» **WORK REQUEST**:
Write out the listing below in full and exactly, leaving out every picture.

» **GIVEN MATERIAL**:
——
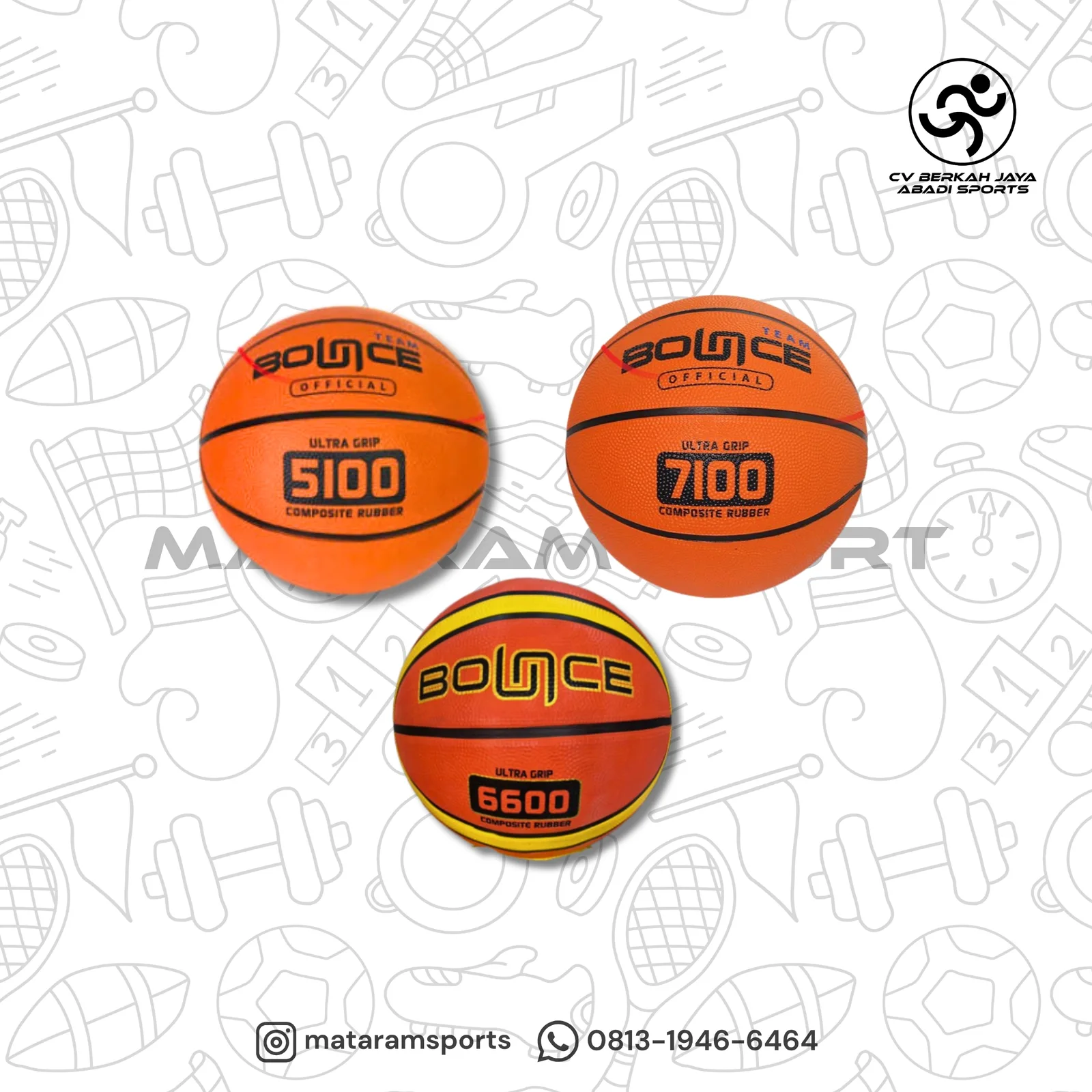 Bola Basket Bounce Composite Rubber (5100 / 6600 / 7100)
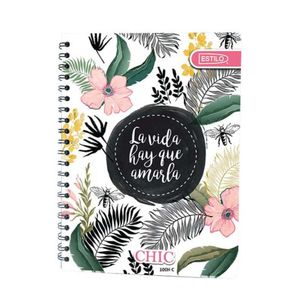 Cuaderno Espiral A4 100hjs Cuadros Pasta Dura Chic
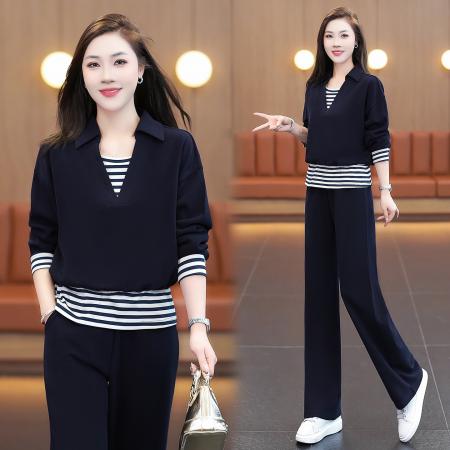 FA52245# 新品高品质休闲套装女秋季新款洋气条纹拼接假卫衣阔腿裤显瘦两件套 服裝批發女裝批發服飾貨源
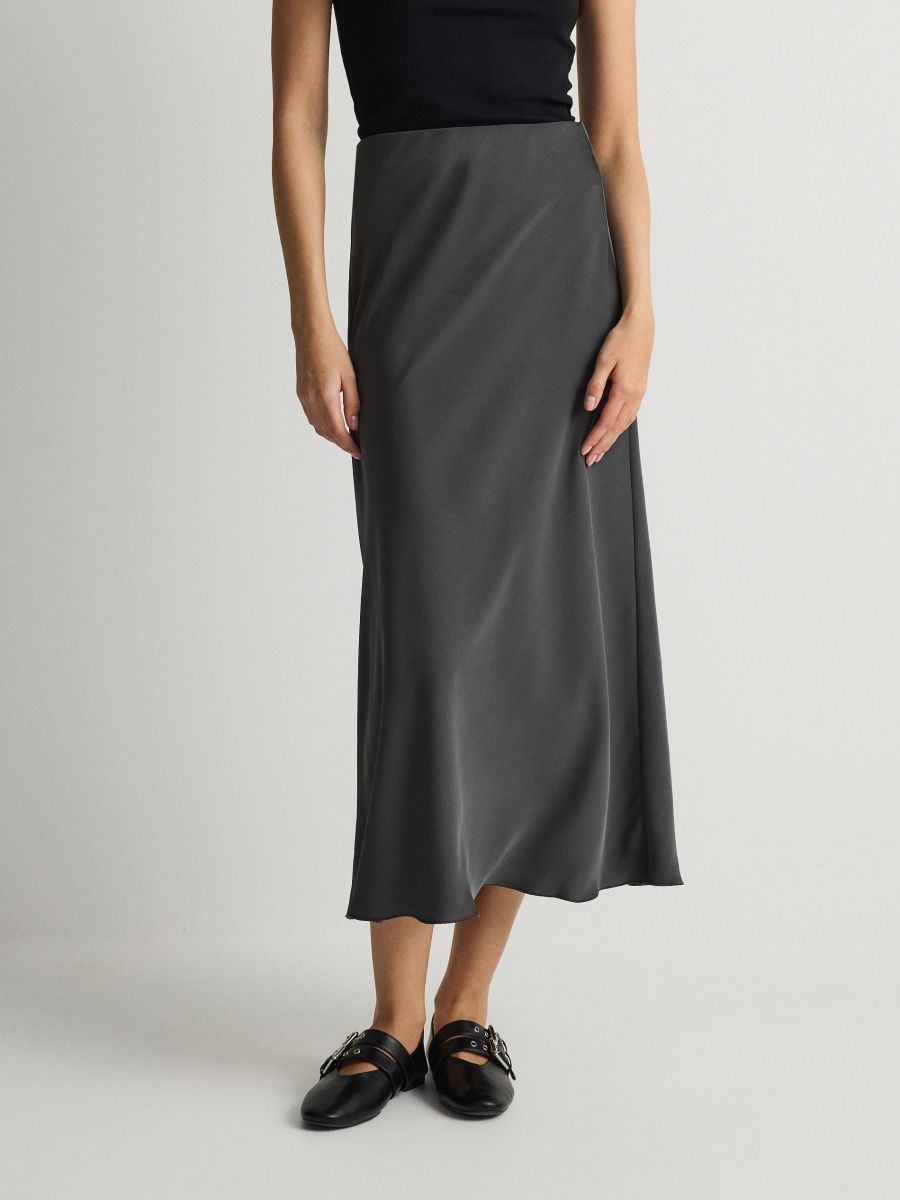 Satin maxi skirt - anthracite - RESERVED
——
» **ANSWER BOX**:
 Bola Basket Bounce Composite Rubber (5100 / 6600 / 7100)
 Cuaderno Espiral A4 100hjs Cuadros Pasta Dura Chic
 FA52245# 新品高品质休闲套装女秋季新款洋气条纹拼接假卫衣阔腿裤显瘦两件套 服裝批發女裝批發服飾貨源
 Satin maxi skirt - anthracite - RESERVED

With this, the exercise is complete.